Samsung Patents a Touch-Correction System for Under-Display Camera Screens
Under-display cameras create a messy problem for touchscreens: the same cutouts that let light through to the camera also distort touch signals. Samsung's new patent tackles that distortion head-on with a correction layer baked into the touch-sensing pipeline.
What Samsung's under-display touch fix actually does
Imagine pressing your finger on the part of a phone screen that sits directly over a hidden camera. The screen looks normal, but underneath it's full of tiny holes — gaps that let light through to the lens. Those same gaps mess with the electrical signals the phone uses to figure out where your finger is, which can make touches in that zone feel unreliable or get misread.
Samsung's patent describes a display that splits the screen into two zones — a normal display area and a special camera-overlay area — and uses separate touch sensors for each. The key twist is that the readings from the camera-zone sensors get mathematically corrected before the phone tries to figure out where you touched, compensating for the signal weirdness caused by all those light-transmitting holes.
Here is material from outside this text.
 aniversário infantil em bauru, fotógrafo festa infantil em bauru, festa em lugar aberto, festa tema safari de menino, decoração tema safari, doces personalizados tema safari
The result is that your touch should register just as accurately whether your finger is over a solid part of the screen or directly above the hidden camera — no dead zones, no phantom taps.
How the electrode grid handles camera-area signal gaps
The patent describes a display substrate with two distinct regions: a standard first display area and a second display area that overlaps an optical device (the under-display camera). The second area contains a grid of tiny transmission areas — openings that allow light to pass through to the camera beneath.
To handle touch sensing across both regions, Samsung uses two sets of electrode lines arranged in a crossing grid pattern (think X and Y axes). The first sensing electrode line runs in one direction with openings aligned to one group of transmission areas; the second sensing electrode line crosses it and has openings aligned to a different group. A light-shielding layer between the substrate and the pixels also has openings matching the transmission areas, keeping camera light paths clear.
The critical engineering detail is the size difference in openings:
- Openings in the electrode lines that align with transmission areas (for the camera) are larger
- Openings that align with pixels are smaller
- The two electrode lines use distinct, non-overlapping sets of openings
The touch driving circuit collects raw signals from both sensor sets, generates touch values for each, then applies a correction step specifically to the camera-zone values before computing a final touch location. This correction compensates for the signal attenuation (signal weakening) caused by all those transmission holes in the electrode material.
What this means for under-display camera phone screens
Under-display cameras have been a persistent weak spot in full-screen phone design — manufacturers like Samsung have shipped them in the Galaxy Z Fold line, but touch accuracy and display quality over the camera zone has always been a known compromise. A patented correction algorithm embedded at the sensing-circuit level, rather than patched in software, would be a cleaner fix that could make the camera-zone area behave indistinguishably from the rest of the screen.
For you as a user, this is the kind of invisible plumbing that determines whether an under-display camera phone feels premium or slightly broken. If Samsung can ship reliable touch correction here, it removes one of the last remaining arguments for keeping a visible notch or punch-hole cutout — pushing the industry a step closer to truly hole-free displays.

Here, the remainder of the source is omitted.